Domestic instant noodle industry hits a slump

Source:Global Times Published: 2016-2-25 18:23:01

A customer browses the instant noodle section of a supermarket. China's instant noodle industry is experiencing a downturn. Photo: CFP

On February 22, Tingyi (Cayman Islands) Holding Corporation, the largest instant noodle producer in China, announced that its unaudited profits attributable to shareholders  decreased in 2015 by 35 to 40 percent compared with 2014. According to a China Economic Weekly report on February 23, the profits attributable to shareholders was $342 million during the first nine months of 2015, representing a year-on-year drop of 12.67 percent.

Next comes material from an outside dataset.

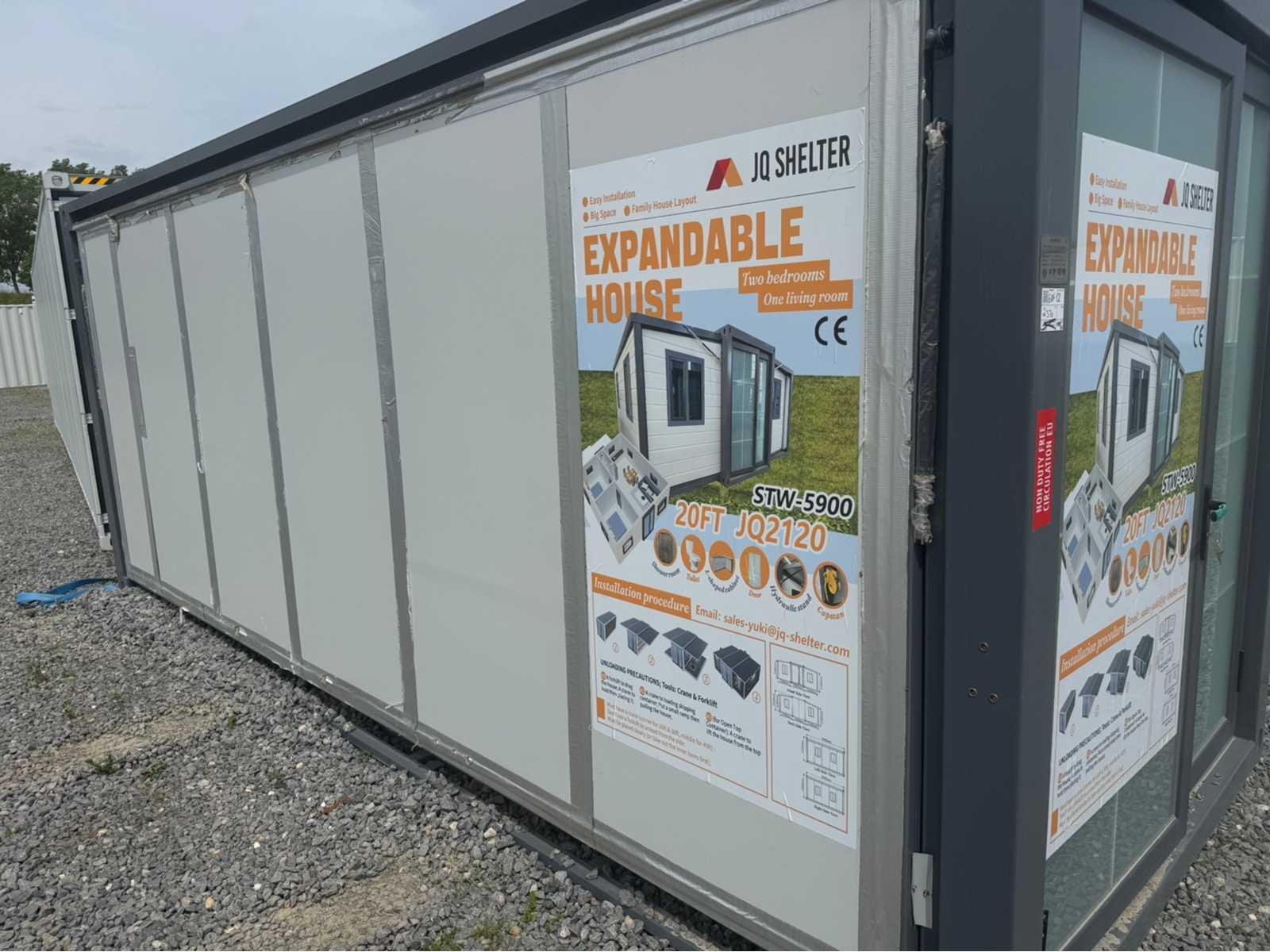 JQ Shelter - 2026 - mantelzorg woning foldable house - Mante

Analysts have suggested that the growing popularity of healthy lifestyles in China further contributed to the decline of the instant noodle industry. The company also issued a long statement in which it attributed the 2015 decline to three main factors, according to an inside information and profit warning report released by Tingyi on February 22. According to the statement, the factors are recent quality upgrades resulting in price increases that have caused doubt among distributors; the beverage business proactively making provisions for diminution in value based on conservative financial principles; and fluctuations in exchange rates over 2015.

Tingyi was not the only company to see falling profits in the domestic instant noodle industry. According to the China Economic Weekly report, Taiwanese food and drink company Uni-President Enterprises Corporation saw its net profits drop by 68.8 percent in 2014, marking the largest decline in the last five years. Uni-President also blamed the general decline of the instant noodle industry for its falling profits.

Brand expert Zhu Danpeng said that Tingyi and Uni-President jointly take up more than half of the instant noodle market in China and the negative perspectives of the two companies indicate that the market is experiencing a depression as a result of new food substitutes influencing consumer purchasing decisions, China Business Herald reported on September 2, 2015.

Instant noodle manufacturers started raising their prices in 2014 with the launch of so-called quality instant noodle products valued at four to five yuan more than the original. The products were aimed at increasing market share. But according to China Economic Weekly report, as people, especially the younger generation, now care more about living healthy and distant travel becoming easier, instant noodles, as the preferred food of long-distance travelers, have gradually declined in the market.